To the editor:
Please let me commend the Missouri State Highway Patrol, Cape Girardeau County Sheriff's Department and the Cape Girardeau Police Department for their DWI enforcement efforts last weekend. Also let me extend thanks to the Southeast Missourian for its excellent coverage and reporting of the event.
I'm gravely concerned about the underidentification of alcohol-related crime in our area and in society in general. The headline-grabbing news includes raids and arrests of methamphetamine-manufacturing operations, massive drug sweeps to rid the streets of crack cocaine dealers and the destruction of marijuana-growing sites. These are political hot-button issues and have garnered the attention of local officials as well as state and federal legislators.
Yet behind the headlines drunken drivers continue to wreak havoc on each and every community in Southeast Missouri and surrounding states.

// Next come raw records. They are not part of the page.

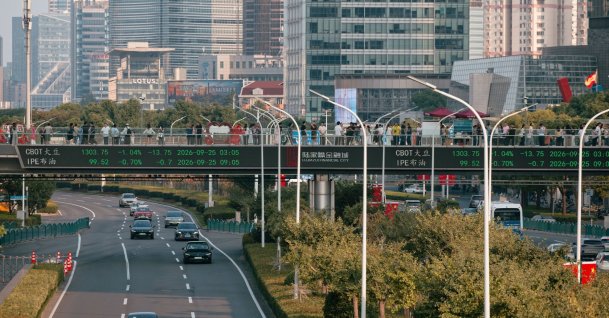People walk across a pedestrian bridge with a screen showing the latest stock exchange and economic data, Shanghai, China, Sept. 25, 2026. (EPA Photo)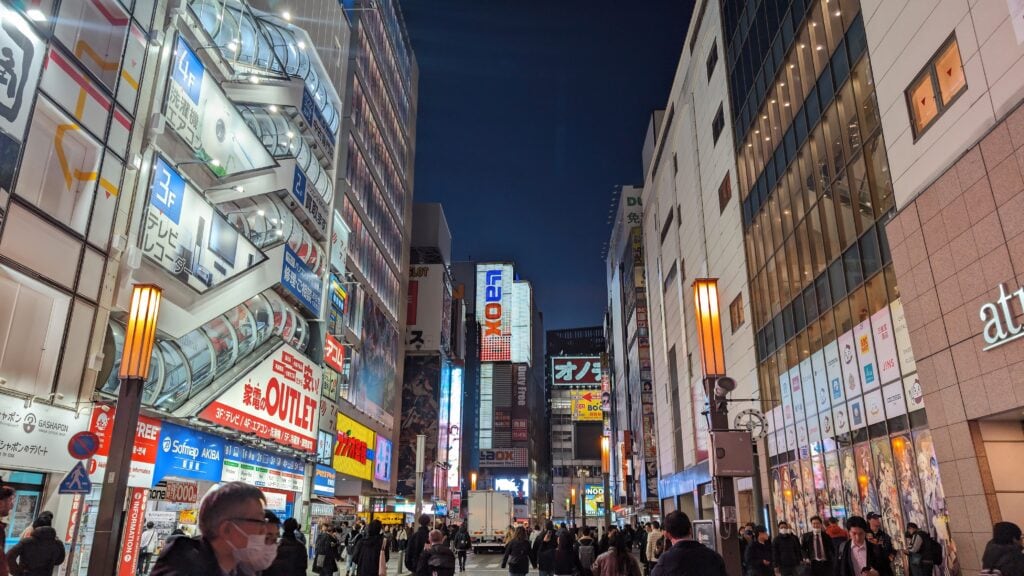 Vibrant Tokyo street scene at night with neon lights and busy pedestrians.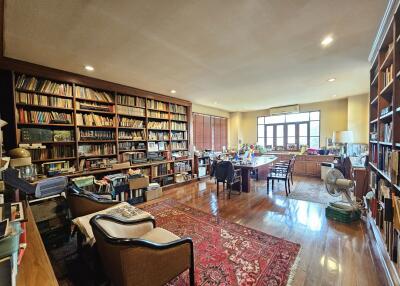 Spacious home office with extensive built-in bookshelves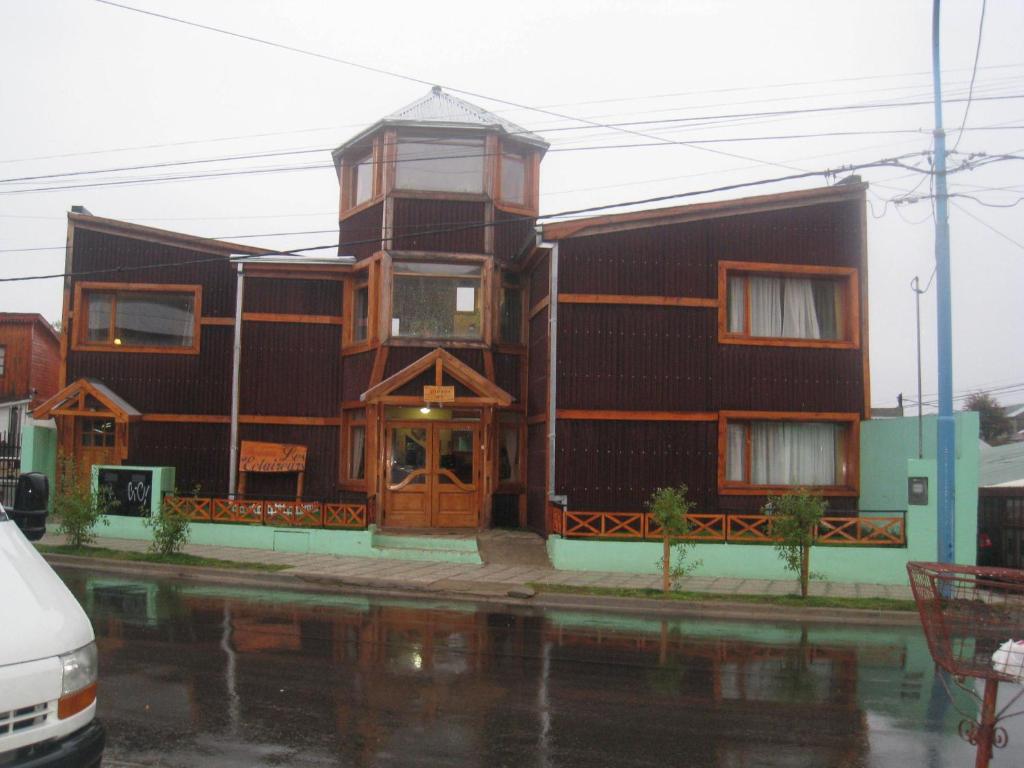 a building on a street with water in front of it at Hosteria Les Eclaireurs in Ushuaia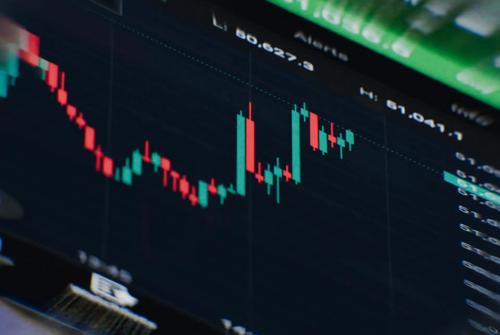 Close-up of a trading platform displaying a candlestick chart with price movements and market trends on a digital screen.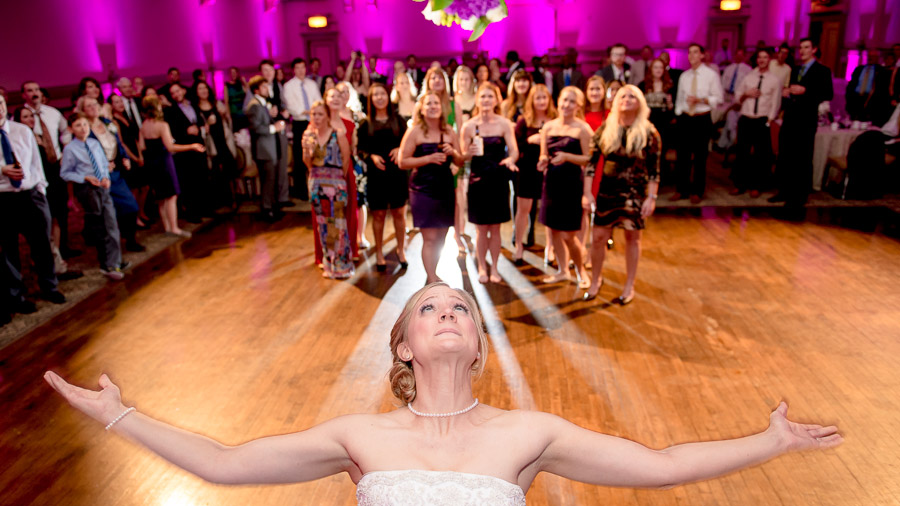 Hilarious bride throwing the bouquet photo at Richmond, VA wedding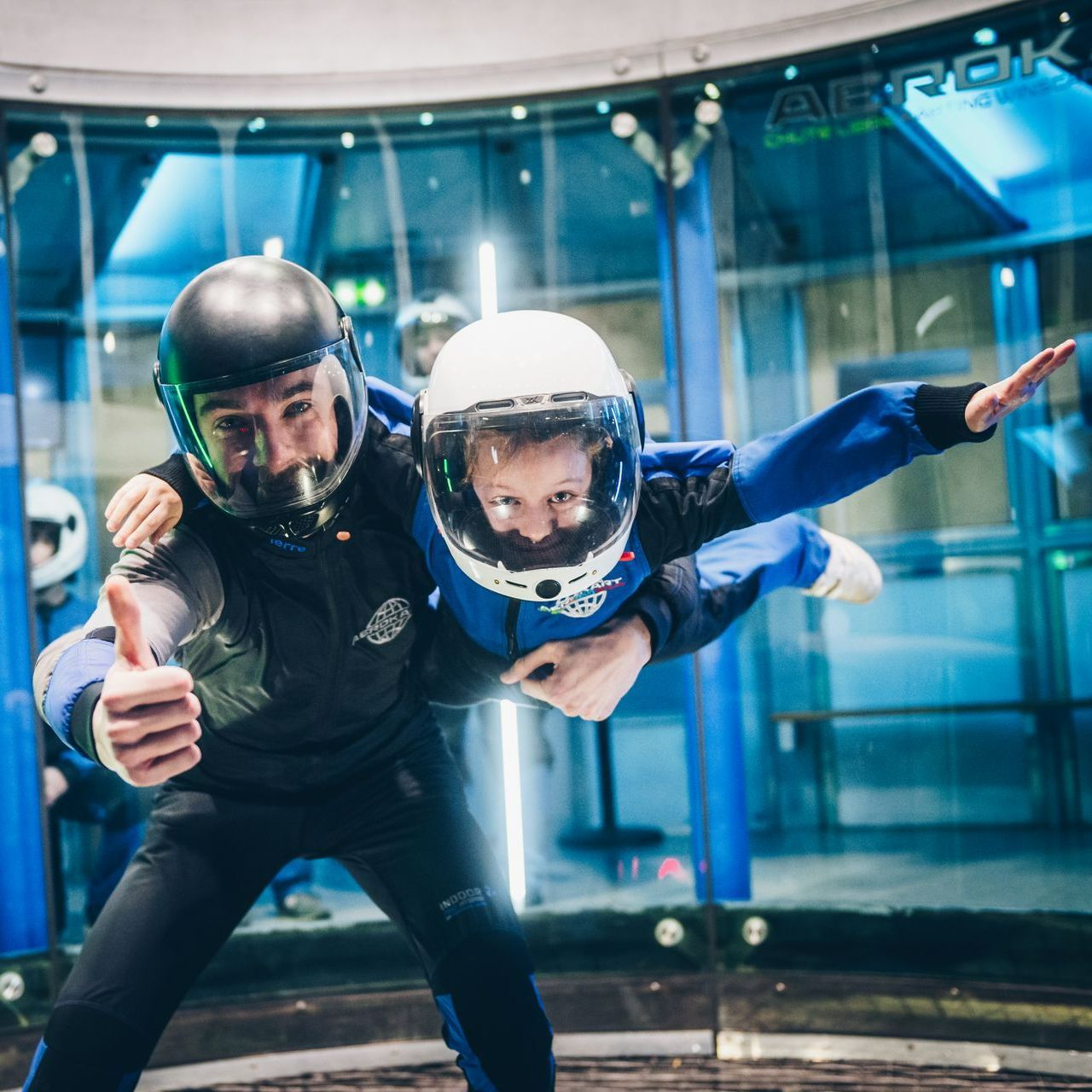 Deux personnes portant des casques lèvent le pouce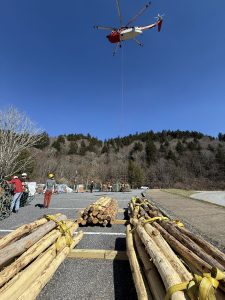 The locust logs await an airlift from the staging area at Oconaluftee Overlook, less than a mile south of Newfound Gap, as the helicopter picks up a bundle of supplies destined for LeConte Lodge. Photo by Anne Sentz, courtesy of Appalachian Trail Conservancy.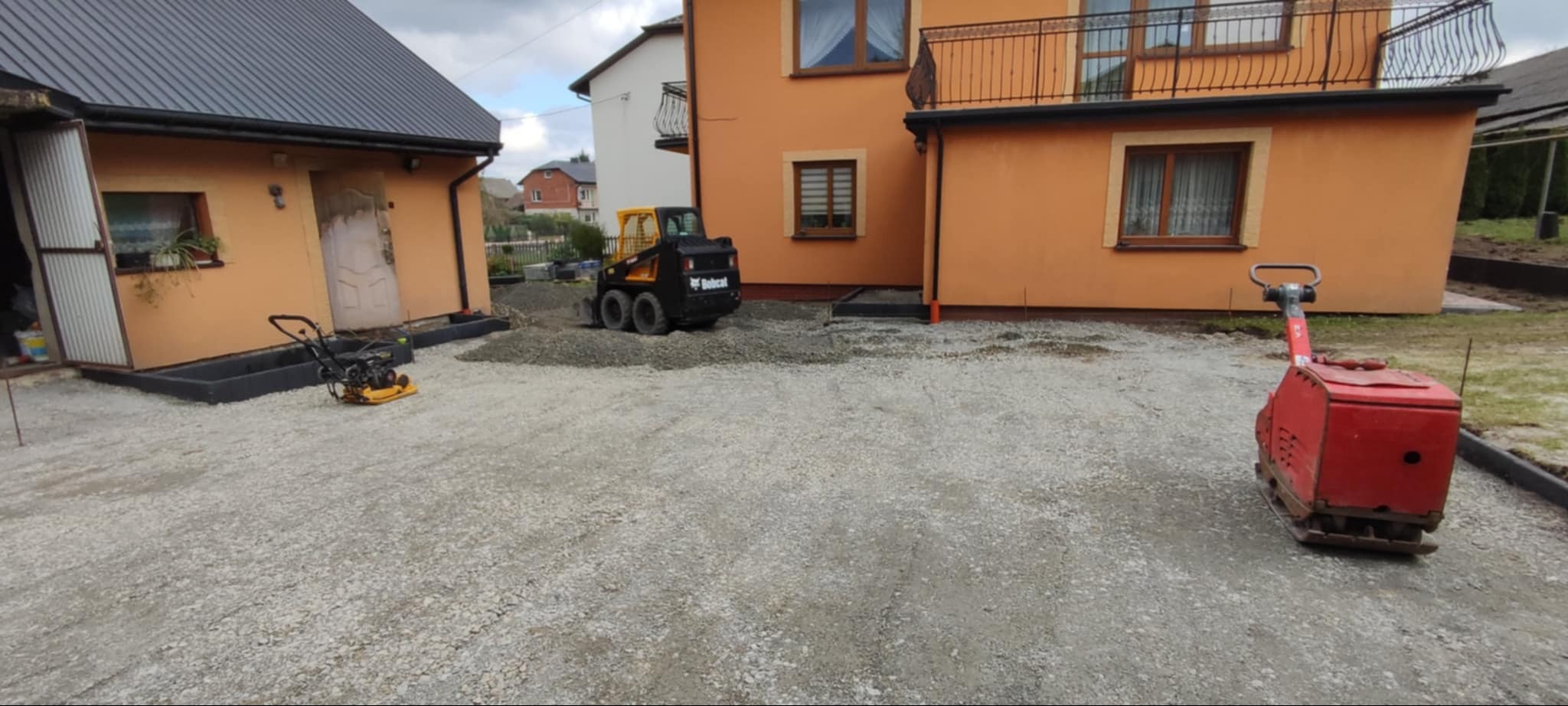 Przygotowanie podłoża pod kostkę brukową: ubijarka wibracyjna, miniładowarka Bobcat i zagęszczarka płytowa na żwirowym podłożu przed budynkami o pomarańczowej elewacji.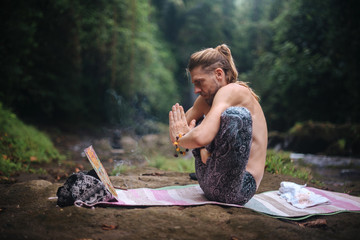 Yoga practice and meditation in nature. Man practicing near river
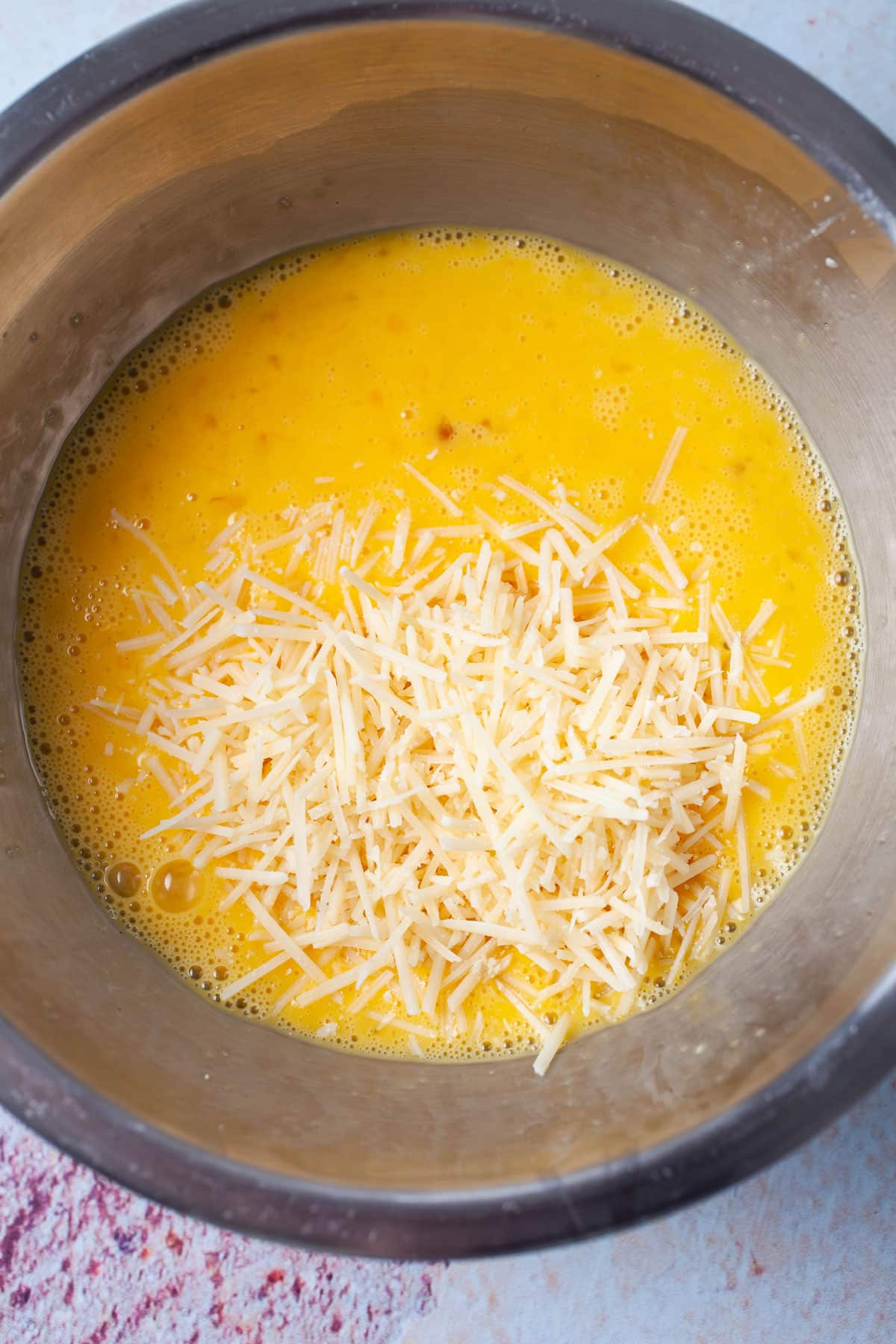 A bowl with blended eggs and grated cheese.
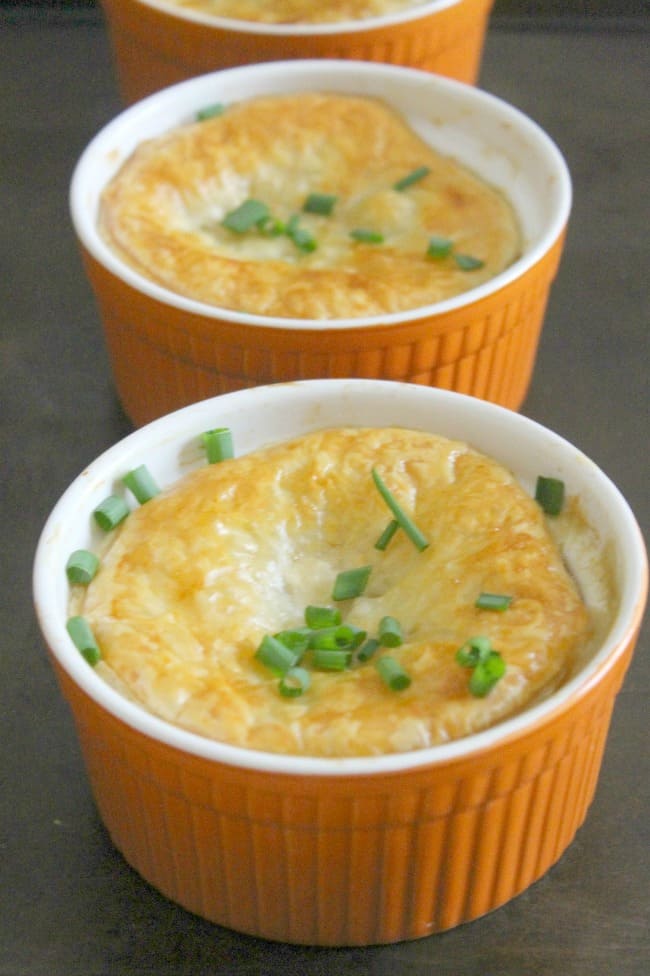 Leftover Turkey Puff Pastry Pot Pies in orange ramekins.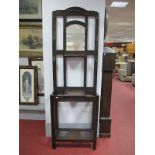 A Circa 1920's Oak Hall Stand, with central arched bevelled mirror, glove box and twin drip pans. (
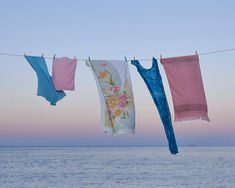 three towels hanging on a clothes line over the ocean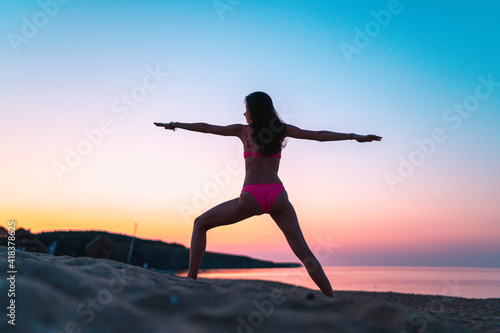 Beautiful woman on themedicine yoga asana balance energy on the beach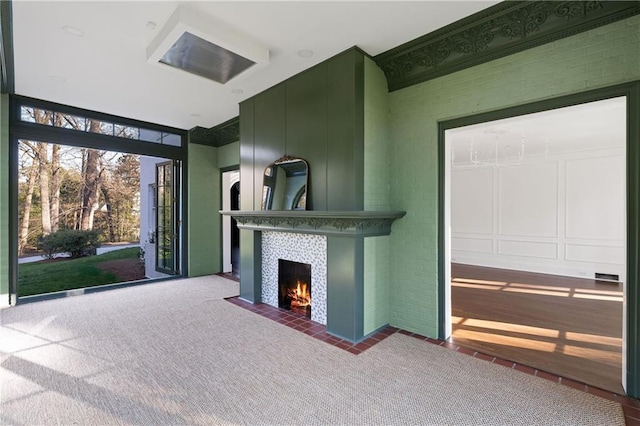 3051 Habersham Rd NW, Atlanta, GA 30305 - unfurnished living room featuring a fireplace and carpet flooring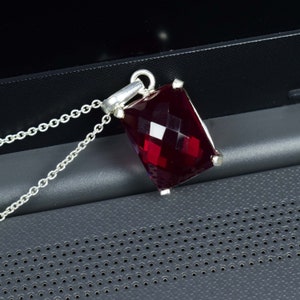 May include: A silver necklace featuring a rectangular, faceted, deep red gemstone pendant. The pendant is suspended from a delicate silver chain. The gemstone has a brilliant cut, reflecting light. The necklace is displayed against a dark background.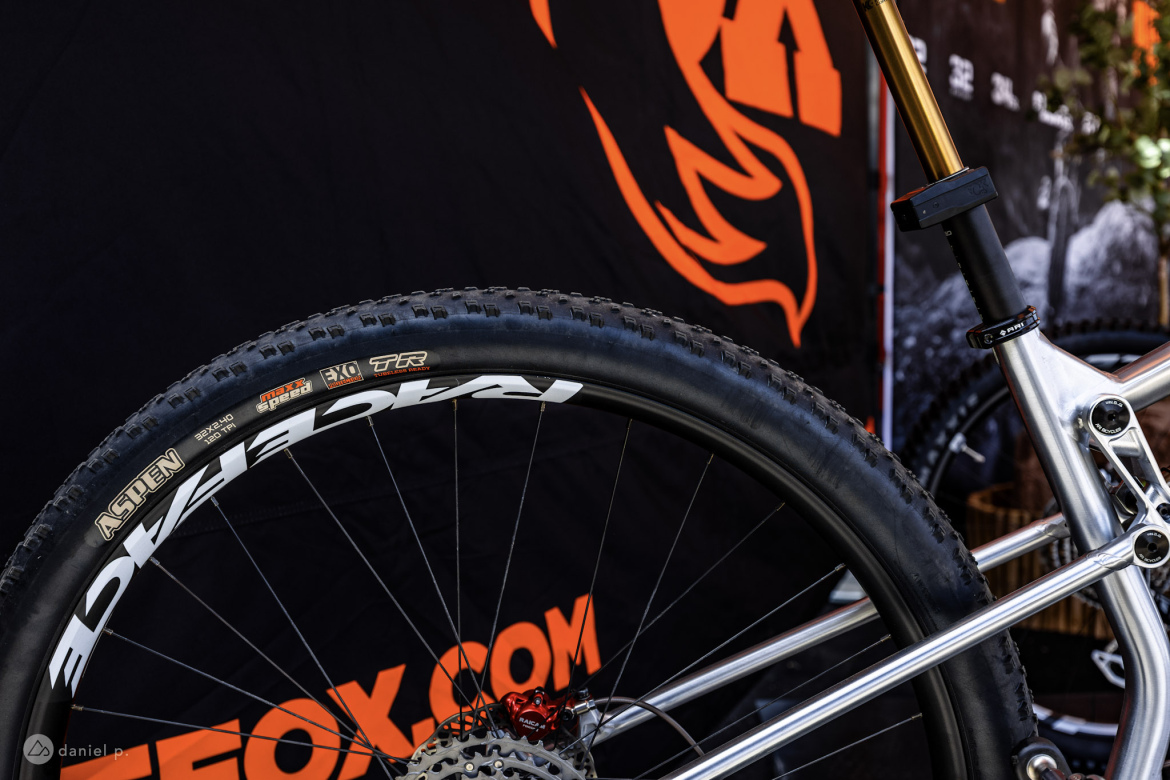 A close-up view of a bicycle wheel featuring a distinctive tire with the brand name "Aspen" visible. The wheel is attached to a sleek silver bike frame, with a red brake component visible. In the background, a black banner with an orange graphic can be seen, suggesting a bike or outdoor brand. The image captures the details of bicycle components, showcasing craftsmanship and design.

Alcohol abuse, misuse and addiction are second in this country only to nicotine addiction in their potential to cause death and serious illness. Throughout the 1980s and also in the 1990s, more people have died as a result of drunken-driving accidents than during the entire conflict in Vietnam.
The highway patrol calls the problem in Cape Girardeau "serious and alarming." Let's do the math associated with the most recent checkpoint operation: 500 vehicles stopped in a five-hour period equals 100 vehicles an hour, 102 drivers placed through field sobriety testing on the scene equals 20 field sobriety tests per hour and 20 drivers impaired enough that police thought it proudent to test them, 33 drivers intoxicated enough to be detained and tested on the Breathalyzer with 23 testing over the legal limit of intoxication equals 4.6 drunk drivers per hour in one location, and a different drunk driver would have been driving the streets of Cape Girardeau every 13 minutes.
The numbers speak for themselves. The problem is alarming, indeed, and frightening. Local, state and perhaps federal law enforcement officials, legislators and the public should never be allowed to de-emphasize how critical a piece of DWI enforcement, arrest and prosecution is in the war on drugs and on the preservation of safe communities.